▼

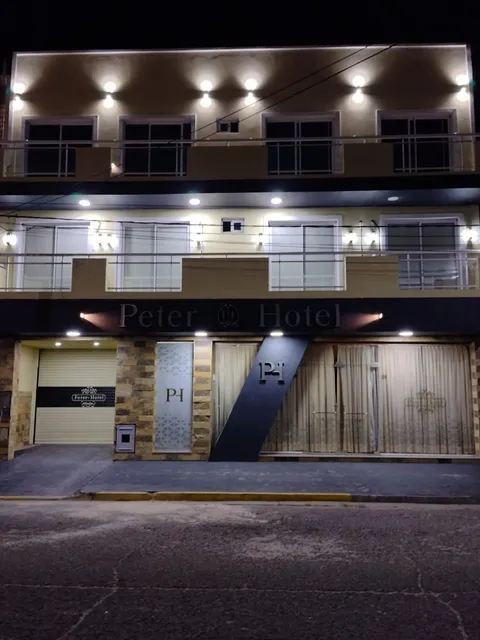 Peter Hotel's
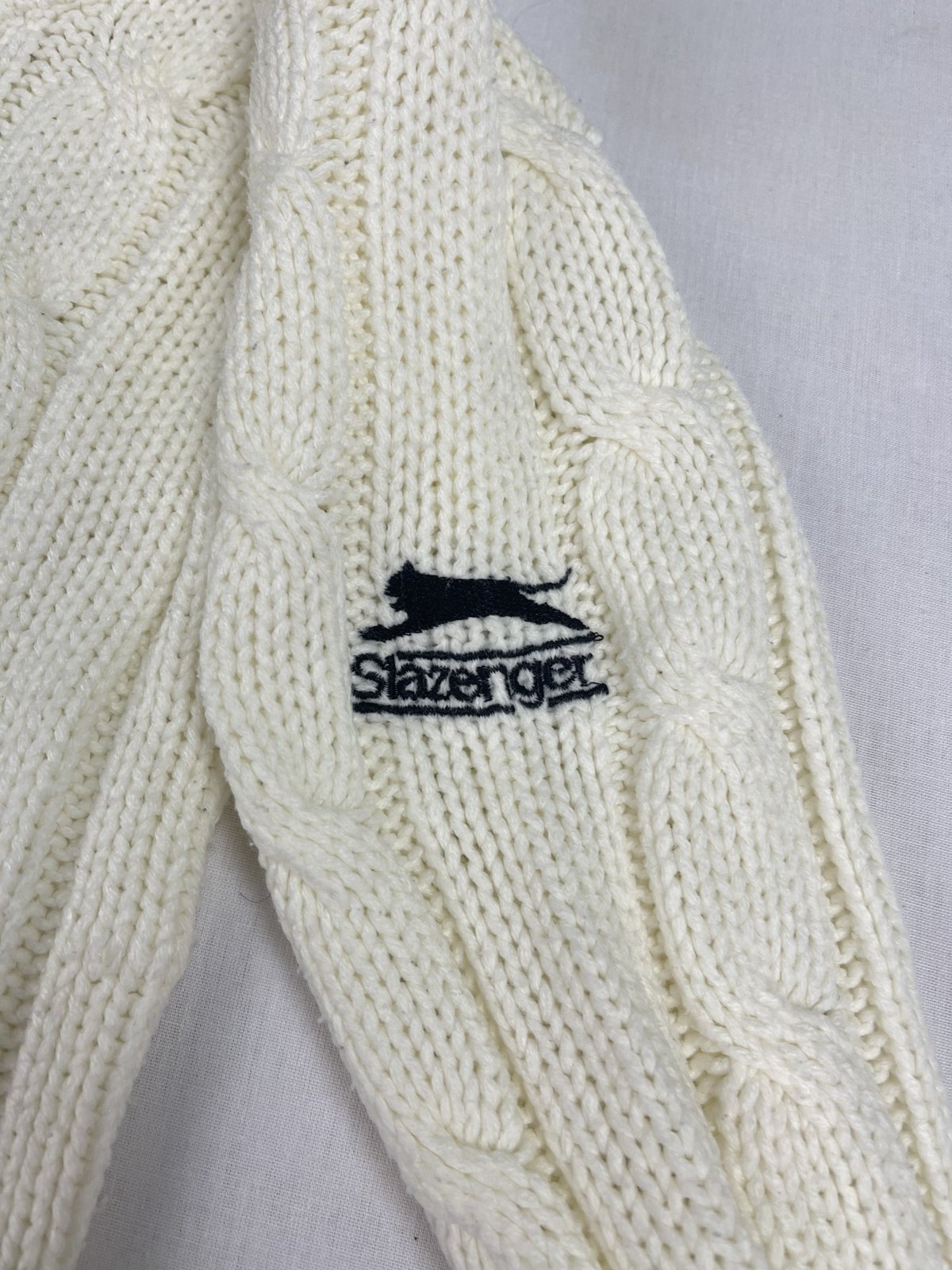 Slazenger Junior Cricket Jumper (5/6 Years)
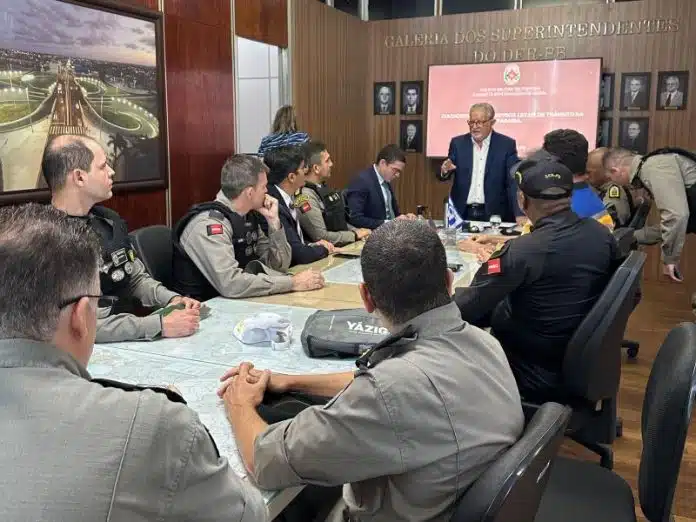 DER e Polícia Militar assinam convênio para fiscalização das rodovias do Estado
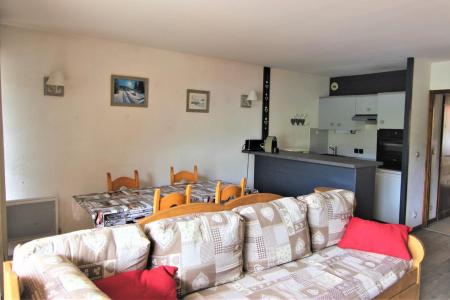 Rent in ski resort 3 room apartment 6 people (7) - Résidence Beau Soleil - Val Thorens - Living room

▲

Set down again, exactly, the lines from the one with "DER e Polícia" to the last line of the data, both included and pictures excluded.

#### [Result for this task]
 DER e Polícia Militar assinam convênio para fiscalização das rodovias do Estado
 Rent in ski resort 3 room apartment 6 people (7) - Résidence Beau Soleil - Val Thorens - Living room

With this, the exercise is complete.